Individualbesteuerung? Der SGV äussert sich kritisch

am 22. Februar 2022
Lesedauer: ca. 4min

Im Herbst 2020 hatte das Parlament den Bundesrat beauftragt, eine Botschaft zur Einführung der Individualbesteuerung auszuarbeiten. Am Dienstag, dem 22. Februar 2022, legte der Schweizerische Gemeindeverband vor der nationalrätlichen Kommission für Wirtschaft und Abgaben WAK-N dar, weshalb er einer allfälligen Einführung einer Individualbesteuerung kritisch gegenübersteht.

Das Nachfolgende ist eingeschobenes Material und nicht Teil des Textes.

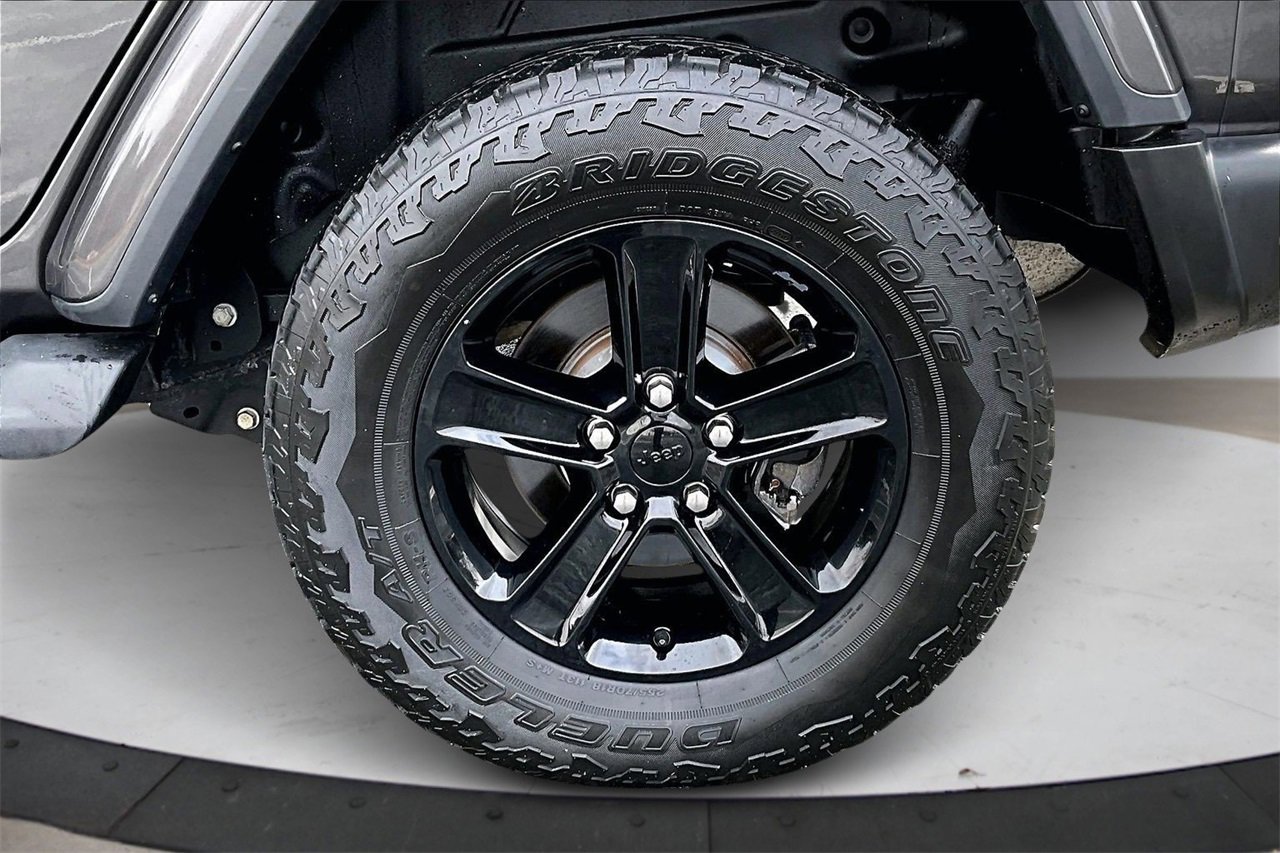 Certified 2021 Jeep Wrangler Unlimited Sahara image 33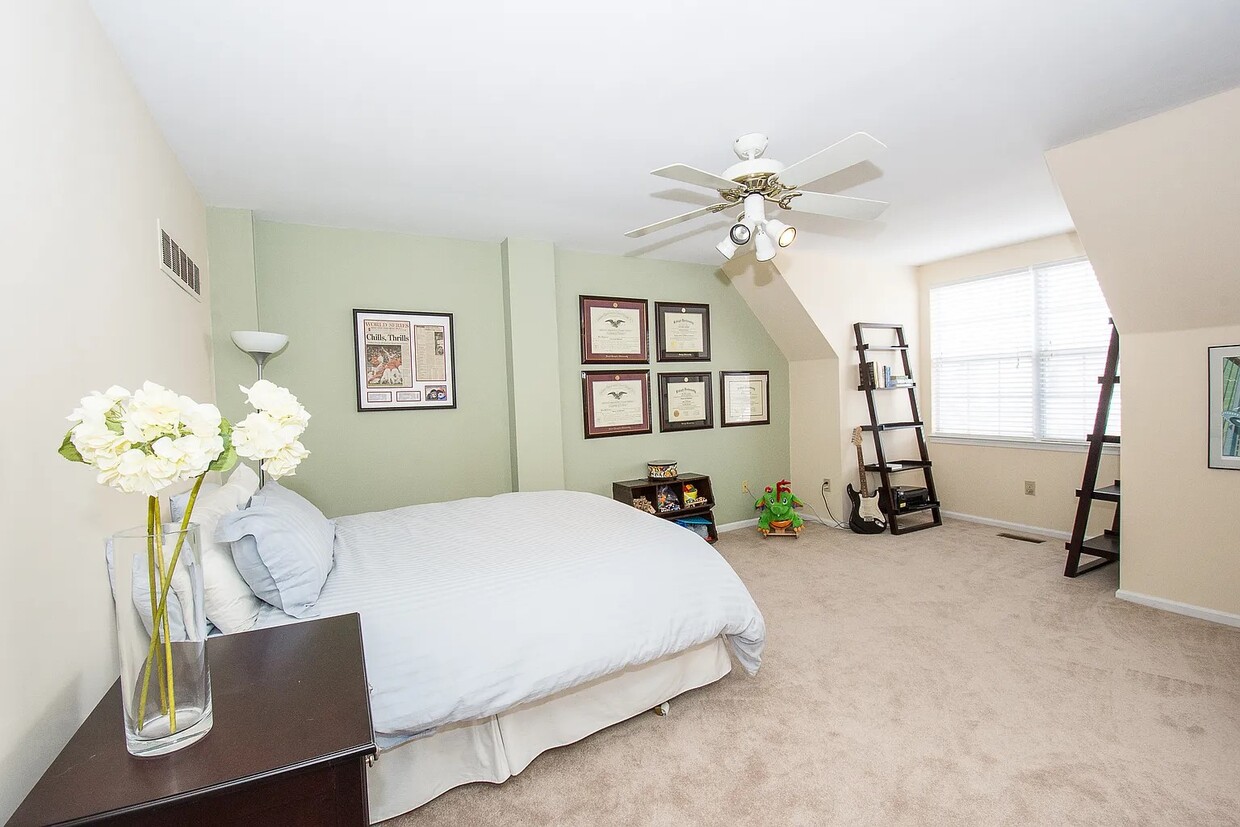 Foto principal - 327 Thyme Ln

Zwar würde die Individualbesteuerung laut den vom Bundesrat ausgearbeiteten Varianten vorerst nur die direkte Bundessteuer betreffen. Es ist allerdings absehbar, dass Kantone und Gemeinden nachziehen müssten, weshalb der SGV die Vorschläge des Bundesrats als fundamentalen Eingriff ins föderale Steuersystem erachtet. Die Steuerautonomie von Kantonen und Gemeinden würde ohne Zweifel tangiert.

Kantone und Gemeinden müssten ihr Steuerrecht demnach umfassend anpassen. Gleichzeitig sind die administrativen, vor allem aber auch die finanziellen Auswirkungen eines solchen Schritts nicht bezifferbar. Klar ist einzig, dass ein Systemwechsel teuer zu stehen käme – gerade auch im Bereich der Sozialversicherungen und des Sozialstaats, denn bei der AHV oder der Unfallversicherung spielt der Zivilstand eine Rolle. Auch die individuellen Prämienverbilligungen oder die Kita-Tarife orientieren sich am gemeinsamen Familieneinkommen.

Dabei ist die Heiratsstrafe in vielen Kantonen und Gemeinden bereits heute faktisch abgeschafft. Überdies gibt es andere Anreize als die Fiskalpolitik, um die Vereinbarkeit von Familie und Beruf sowie die Erwerbstätigkeit von Frauen zu fördern. Genannt seien etwa der Ausbau von Kitas, Tagesschulen oder Mittagstischen.

Zusammenfassend lässt sich deshalb konstatieren, dass der Nutzen einer Individualbesteuerung aus Sicht der Gemeinden sehr gering wäre. Falls der Gesetzgeber indes dennoch einen Systemwechsel anstrebt, so erwartet der SGV, dass dieser für die öffentliche Hand und gerade auch für die Gemeinden finanziell tragbar ausgestaltet werden muss. Zudem ist darauf zu achten, dass keine neuen sozialen Ungerechtigkeiten, etwa durch negative Schwelleneffekte im Sozialversicherungsbereich, entstehen. Und schliesslich: Das Ausfüllen der Steuererklärung darf für die Bürgerinnen und Bürger nicht weiter verkompliziert werden.